### Exercise brief
What's wanted is each entry repeated verbatim, minus its images.

### Supplied data
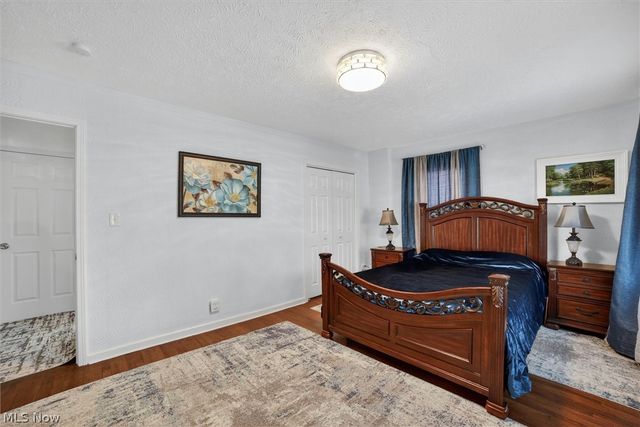 1066 Nela View Road, Cleveland Heights, OH 44112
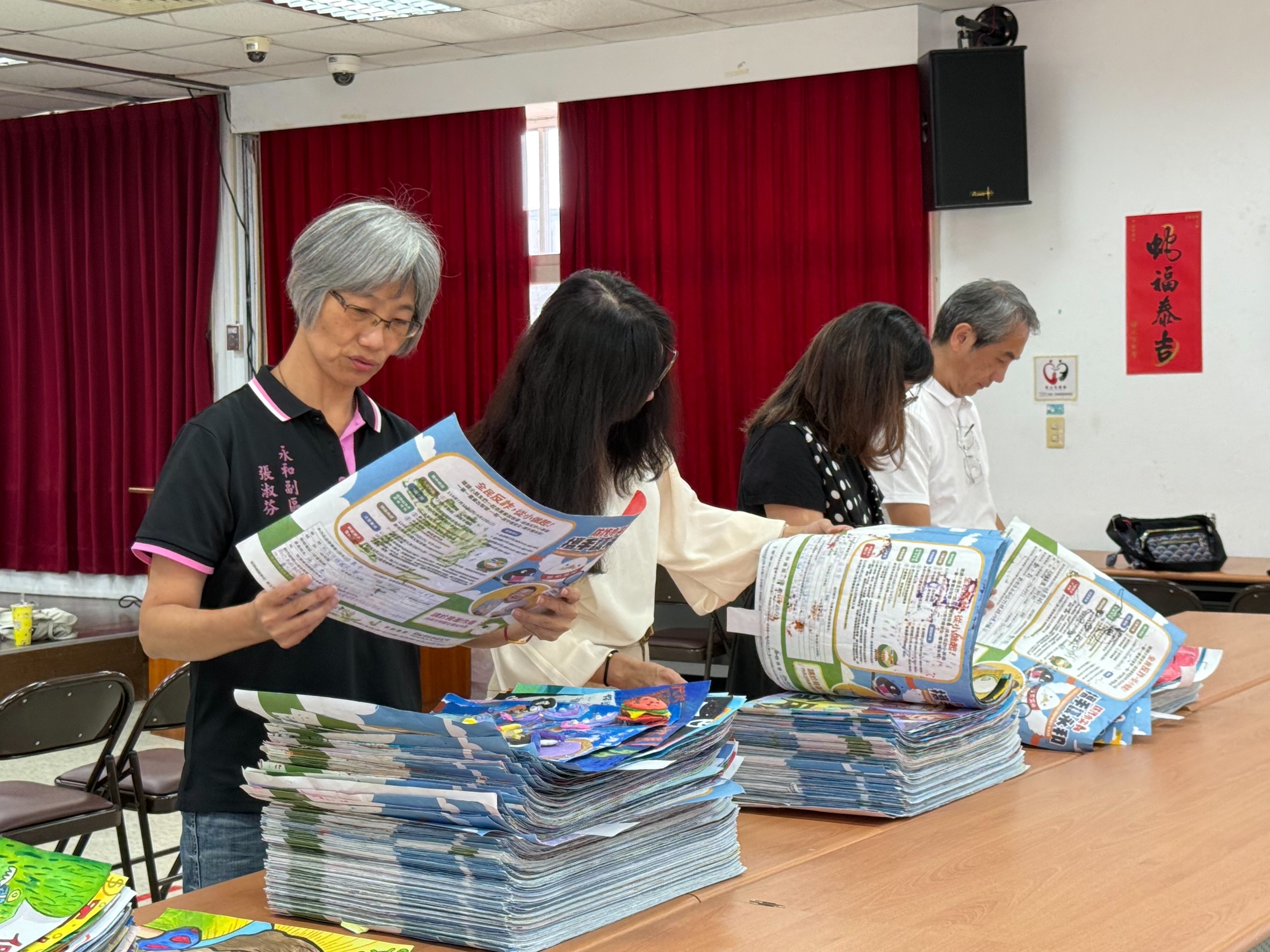 《圖說》永和區副區長及中嘉寬頻｜新視波總經理仔細審閱作品。〈主辦單位提供〉  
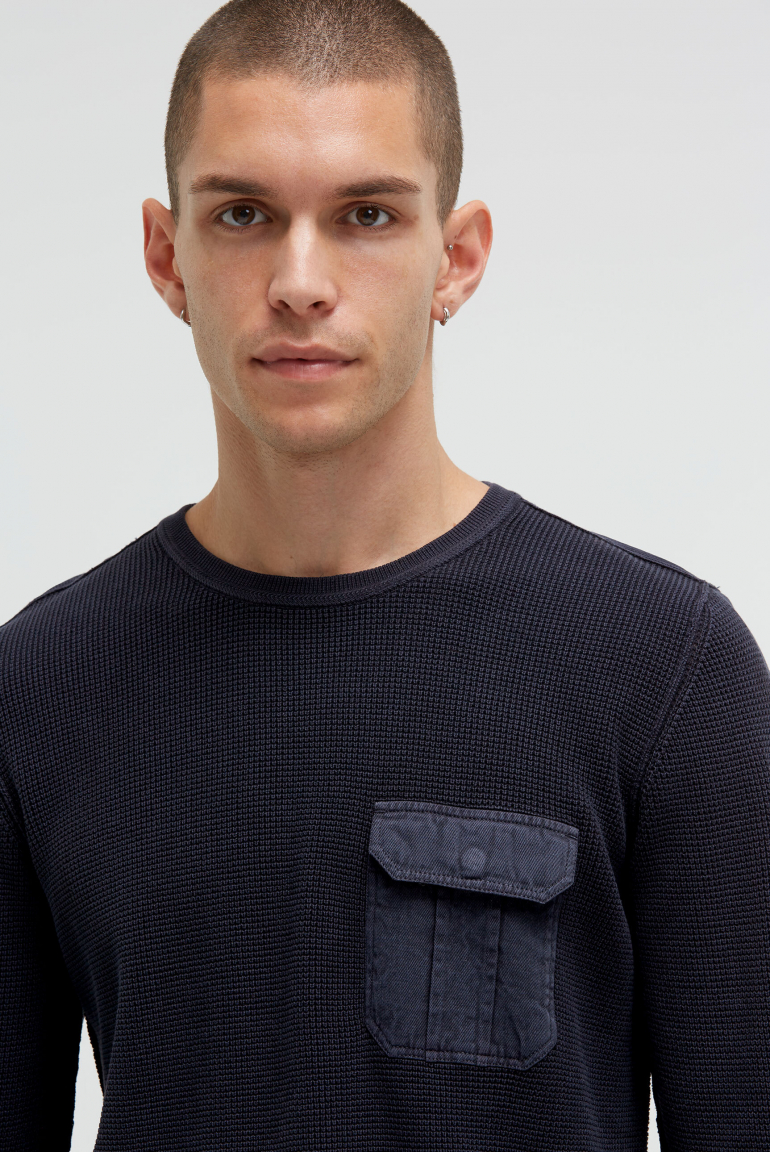 Svetr s pleteným vzorem a náprsní kapsou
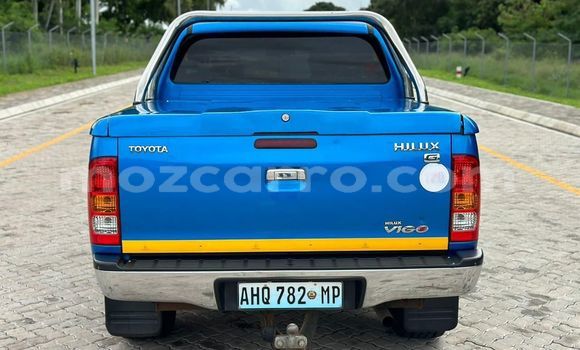 Comprar Usado Toyota Hiluxe VIGO Azul Carro em Maputo em Maputo Comprar Usado Toyota Hiluxe VIGO Azul Carro em Maputo em Maputo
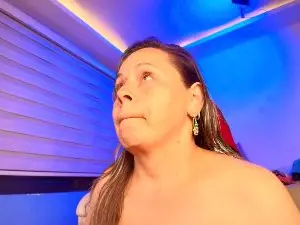 Cam4 Sex Chat of Cinthya_roberts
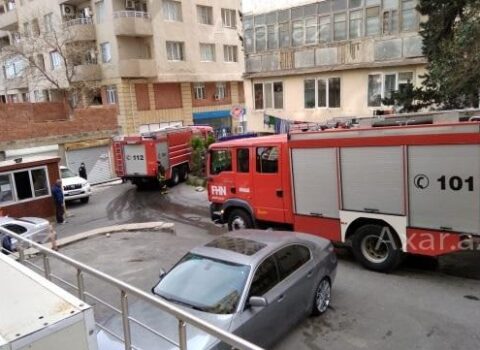 Bakıda çoxmərtəbəli yaşayış binasında yanğın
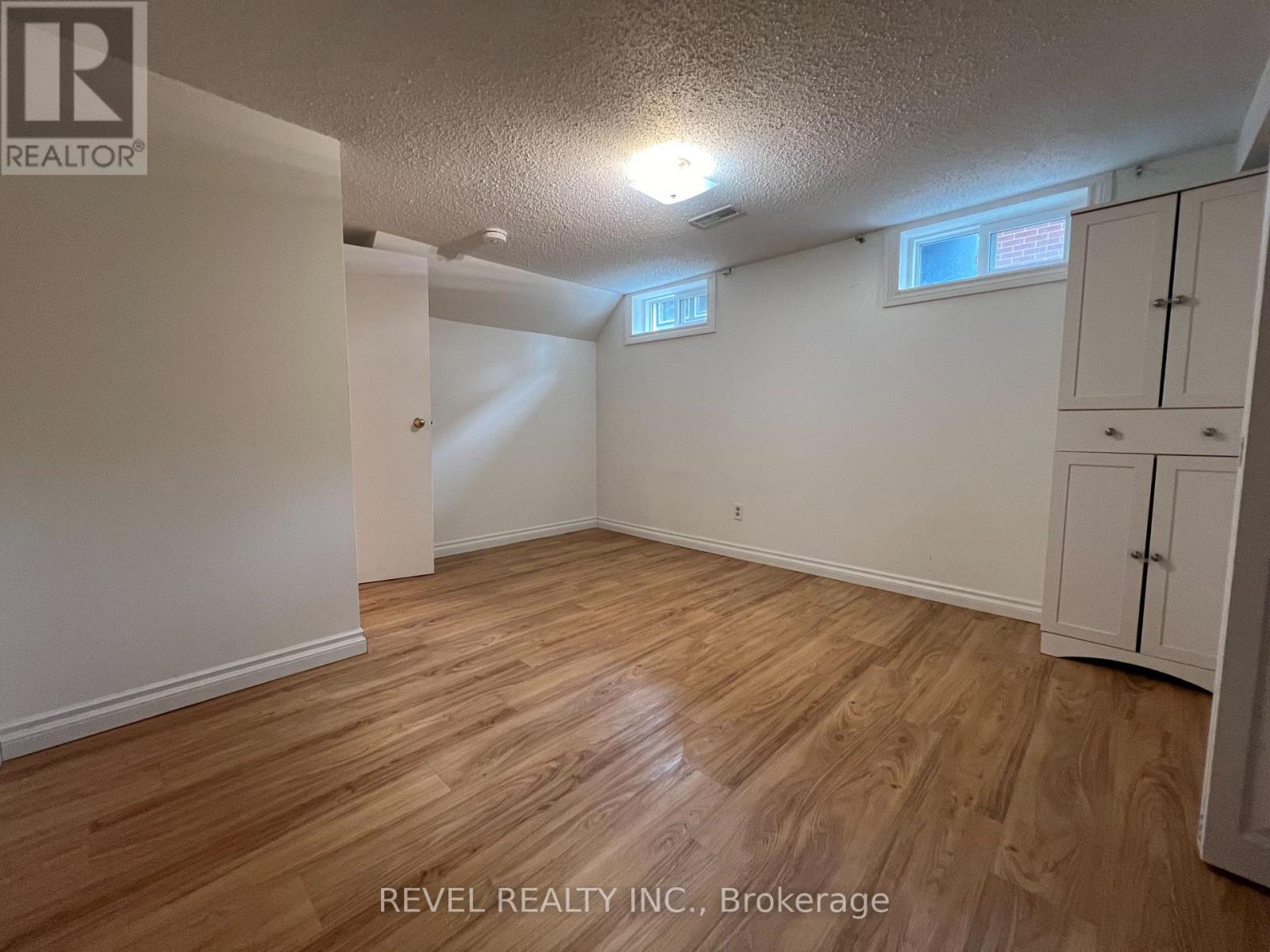 Lower - 9 Collingwood Street, Guelph, Ontario  N1E 3R2 - Photo 3 - X13650342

### Solution to the exercise
 1066 Nela View Road, Cleveland Heights, OH 44112
 《圖說》永和區副區長及中嘉寬頻｜新視波總經理仔細審閱作品。〈主辦單位提供〉  
 Svetr s pleteným vzorem a náprsní kapsou
 Comprar Usado Toyota Hiluxe VIGO Azul Carro em Maputo em Maputo Comprar Usado Toyota Hiluxe VIGO Azul Carro em Maputo em Maputo
 Cam4 Sex Chat of Cinthya_roberts
 Bakıda çoxmərtəbəli yaşayış binasında yanğın
 Lower - 9 Collingwood Street, Guelph, Ontario  N1E 3R2 - Photo 3 - X13650342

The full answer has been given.